-------- Records to process

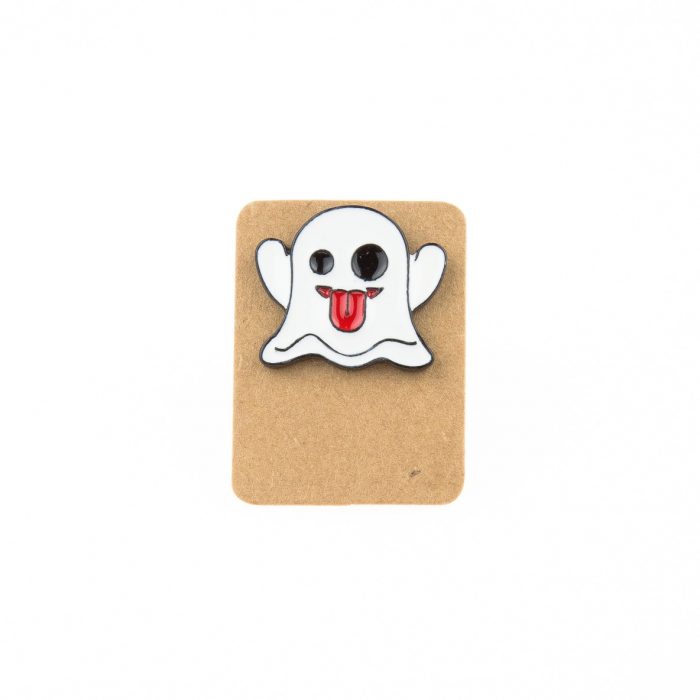 Metal Ghost Tongue Out Enamel Pin Badge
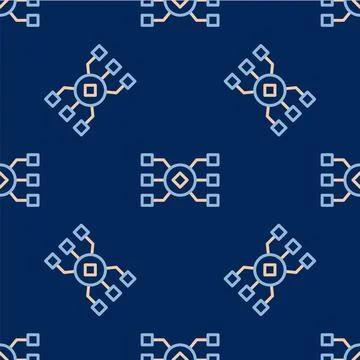 Line Neural network icon isolated seamless pattern on blue background Stock Illustration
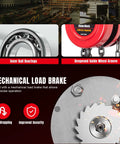 Inner ball bearings and deepened guide wheel groove on 1 Ton Hand Chain Hoist With 8ft Lift, Mechanical Load Brake for precise operation.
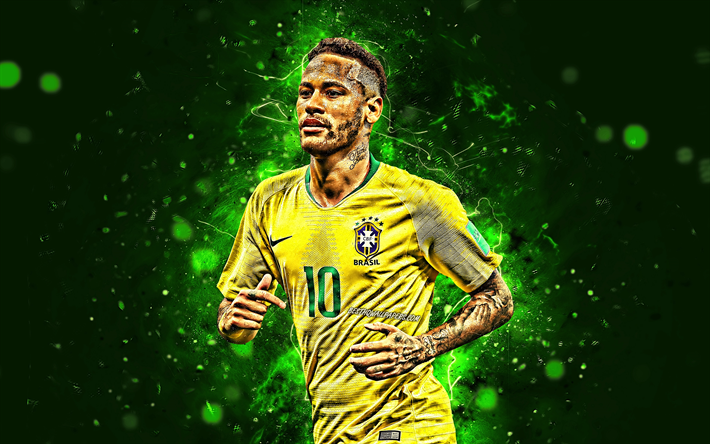 Neymar, 4k, jalkapallo t&#228;hte&#228;, Brasilian Maajoukkueen, vihre&#228; tausta, Neymar JR, jalkapallo, luova, Neymar 4k, neon valot, Brasilian jalkapallojoukkue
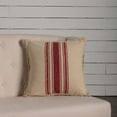 thumbnail image 4 of VHC Brands Farmhouse Holiday Pillows & Throws-Vintage Burlap Stripe White 18" x 18" Pillow, Red, 4 of 5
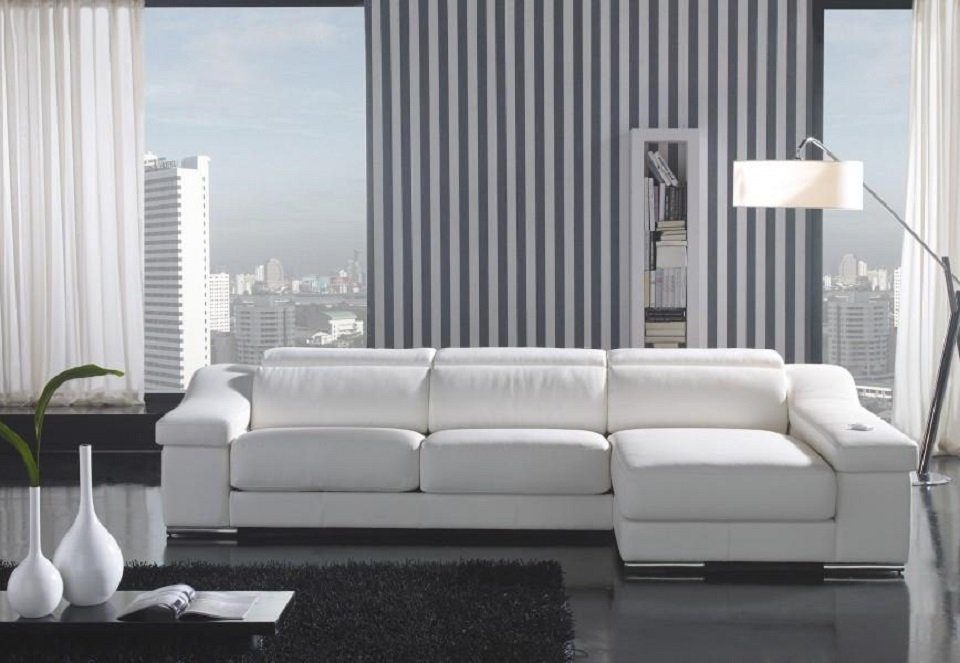 JVmoebel Ecksofa Eckcouch Eckge Wohnlandschaft L Form Sofa Ecksofa Polster Couch, Made in Europe Weiß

----------------

The entries are to be written out again exactly, though without any images.

 Metal Ghost Tongue Out Enamel Pin Badge
 Line Neural network icon isolated seamless pattern on blue background Stock Illustration
 Inner ball bearings and deepened guide wheel groove on 1 Ton Hand Chain Hoist With 8ft Lift, Mechanical Load Brake for precise operation.
 Neymar, 4k, jalkapallo t&#228;hte&#228;, Brasilian Maajoukkueen, vihre&#228; tausta, Neymar JR, jalkapallo, luova, Neymar 4k, neon valot, Brasilian jalkapallojoukkue
 thumbnail image 4 of VHC Brands Farmhouse Holiday Pillows & Throws-Vintage Burlap Stripe White 18" x 18" Pillow, Red, 4 of 5
 JVmoebel Ecksofa Eckcouch Eckge Wohnlandschaft L Form Sofa Ecksofa Polster Couch, Made in Europe Weiß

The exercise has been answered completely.